US sucks up all the skilled workers of the third world while Europe is easier
to reach from Africa and Asia. The important thing to realise here is that
there is a very big difference between the Iraqi businessman taking a flight
to New York and the illiterate Somali being chartered over to Spain.

------
Anon84

         So much of American exceptionalism has come from its
         ability to attract and integrate the world's most 
         talented migrants. Its dynamic labour market has been 
         integral to its success. It has allowed migrant to 
         thrive and even become a source of job growth for 
         natives.

------
niczar
Typical neoliberal bullshit from The Economist, the magazine who famously
blamed the irish for their laziness during the great potato famine.

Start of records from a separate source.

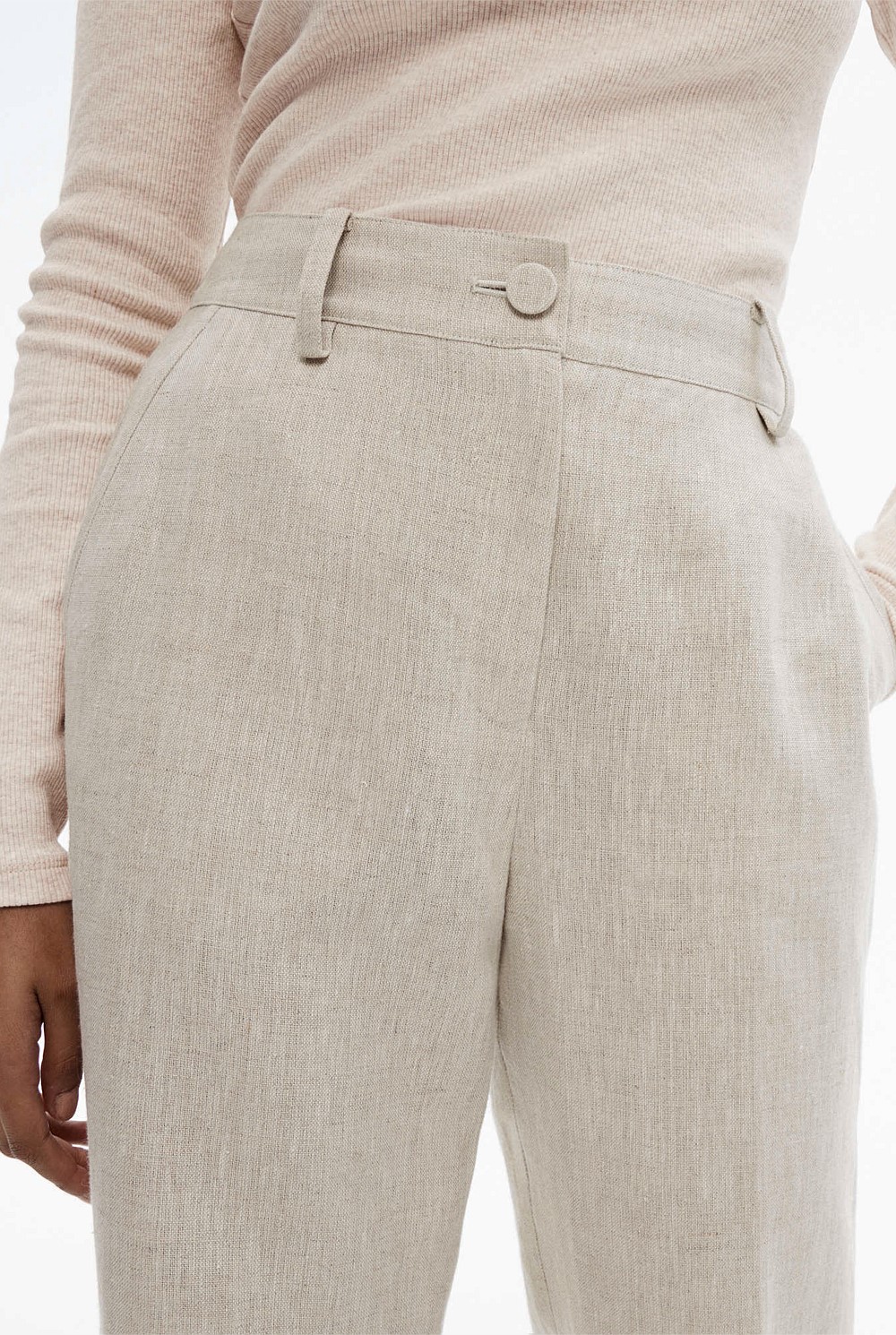 Yarn Dye Linen Trouser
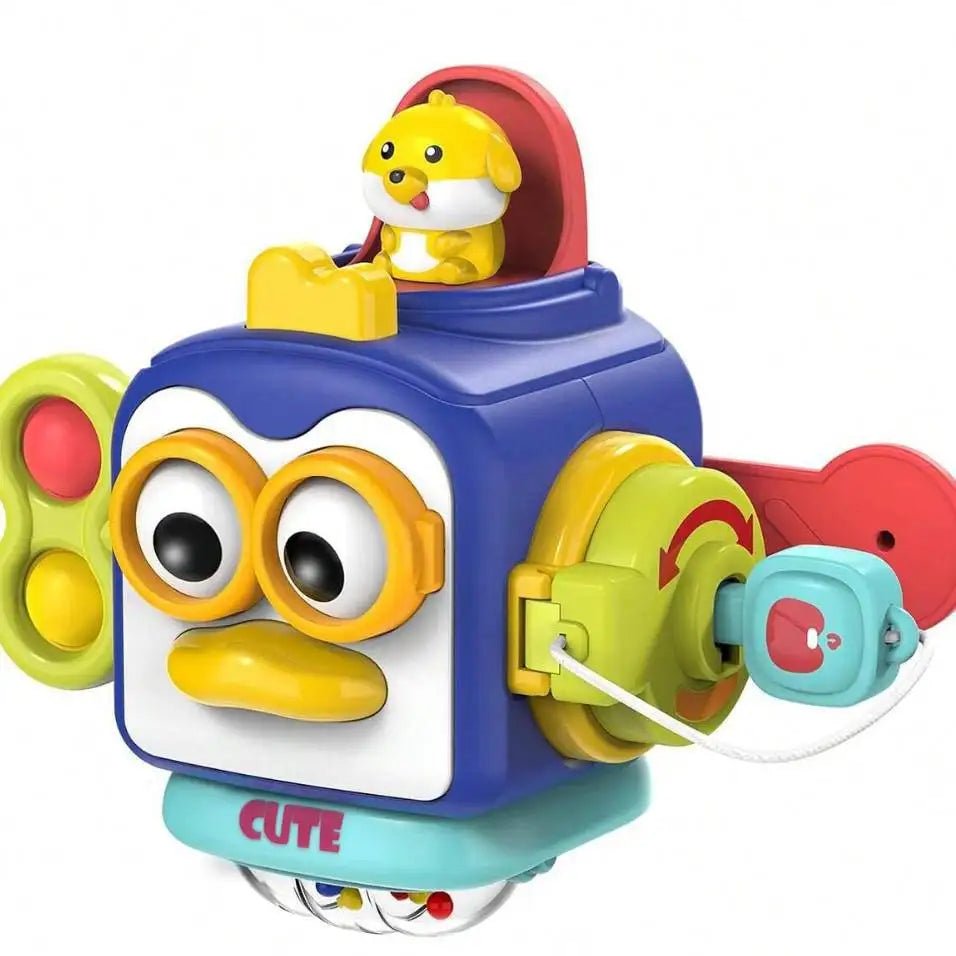 Jeu d'eveil Bebe | Cube Sensoriel KuPeng™ - Jouets Chouchous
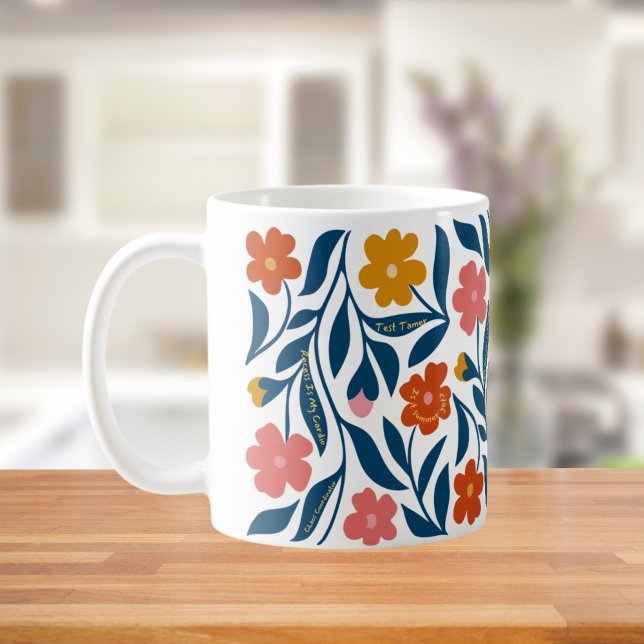 Mug Cadeau pour professeur d'art folklorique floral bo (Créateur téléchargé)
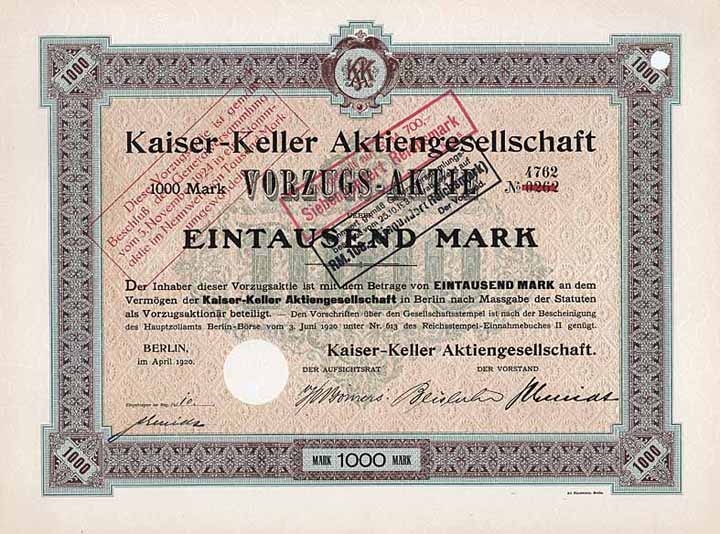 Kaiser-Keller AG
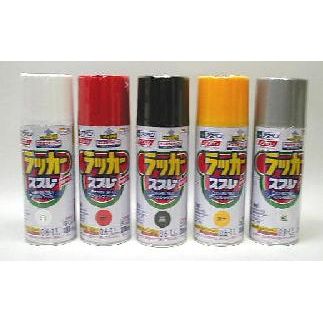 （まとめ買い）アサヒペン アスペンラッカースプレー 超速乾タイプ 300ｍｌ 黒 〔3缶セット〕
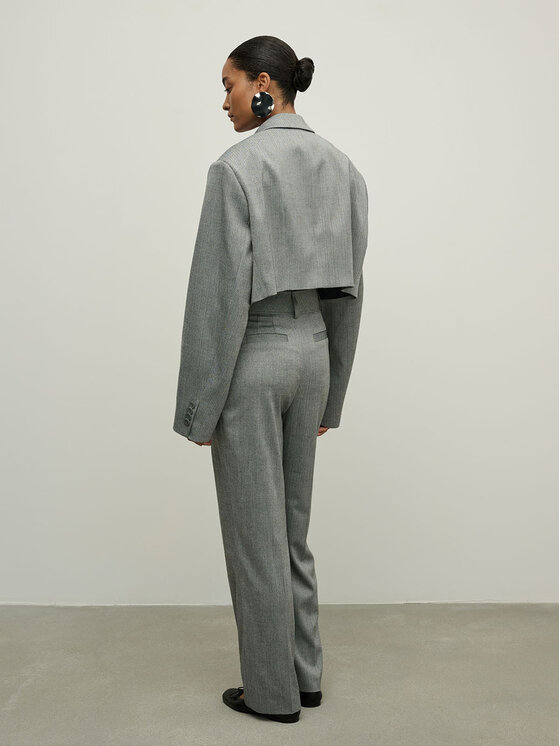La Mania La Mania Pantalone da abito HOURS Grigio Classic Fit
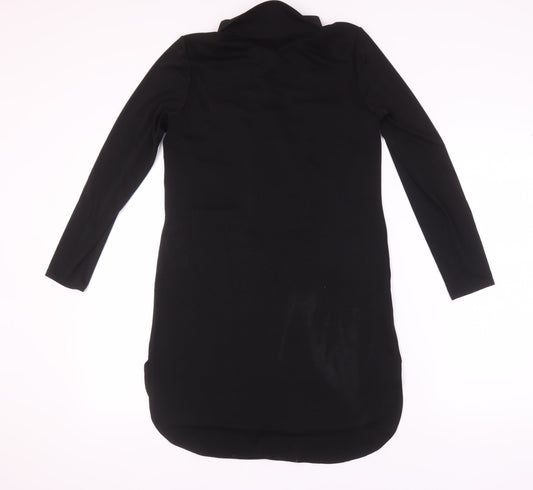 Laura Ashley Women's Black Shirt Dress Size 8
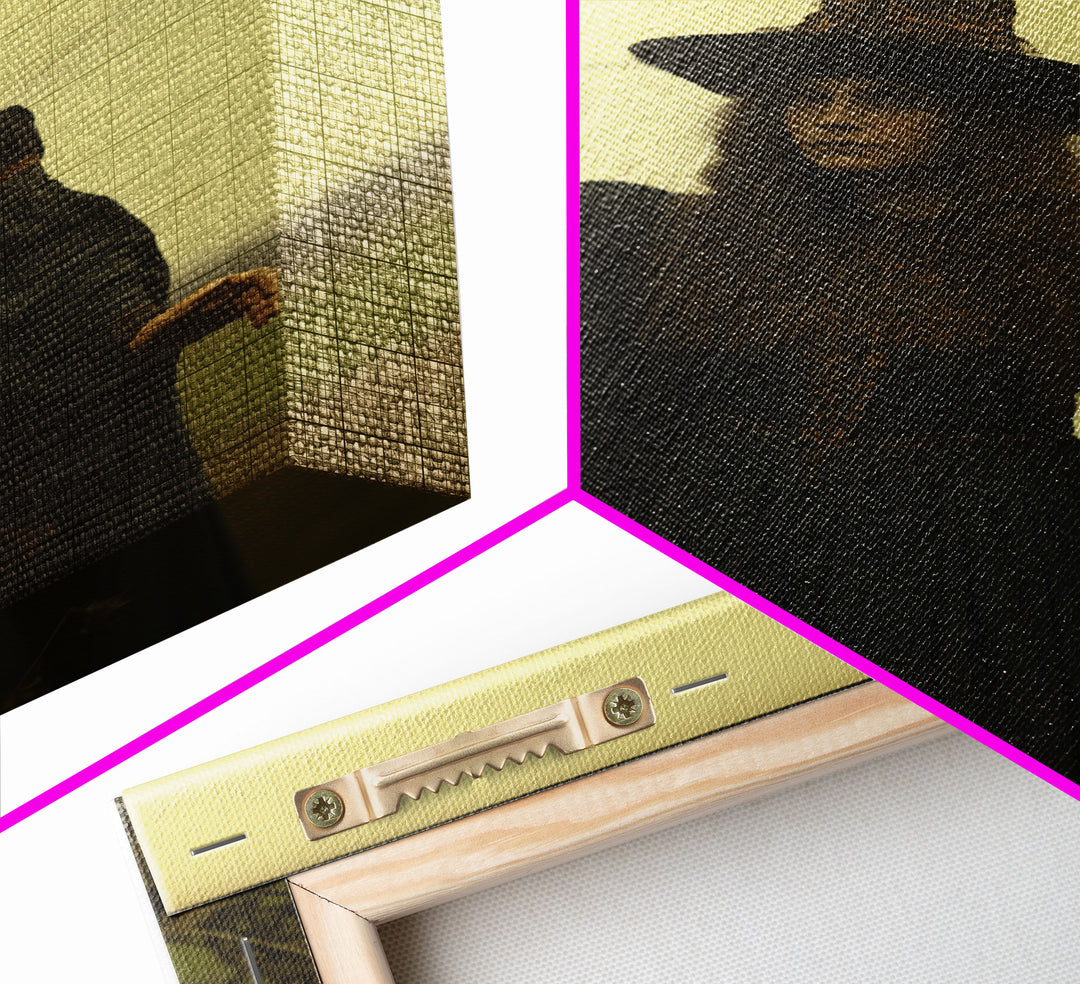 The Witch, Spooky Victorian Witch Photography Daguerreotype, Tin Type, Framed Canvas Print, Victorian Witches, Halloween Decor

Let me address a few points:

\- The apparently huge unemployment among the youth is meaningless due to the
huge enrollment in free higher education. Basically, those 18-24 who are
looking for a job are those who wouldn't stay in school, not those who
couldn't afford like in the US or even the UK. Not exactly surprisingly, they
are not all prime recruiting material.

\- Unemployment is defined as (read this carefully) the proportion of people
actively looking for a job. This means that if you want to reduce that ratio,
you can either give them jobs, or convince them to give up looking, for
example by giving them money for not looking. That's what they do in the UK or
in the Netherlands (relatively speaking). Guess what we do in France? The
exact opposite, we give you plenty of money if you look for a job.

\- I'm not entirely sure how blacks in the South have it better than Arabs in
France. I'm sure how they don't, though.

In conclusion, this yet another BS piece trying to extoll the theoretical
virtues of wage slavery in the face of overwhelming evidence of the contrary.

They can pry my 35h (which have worked to create jobs) from my cold dead
hands.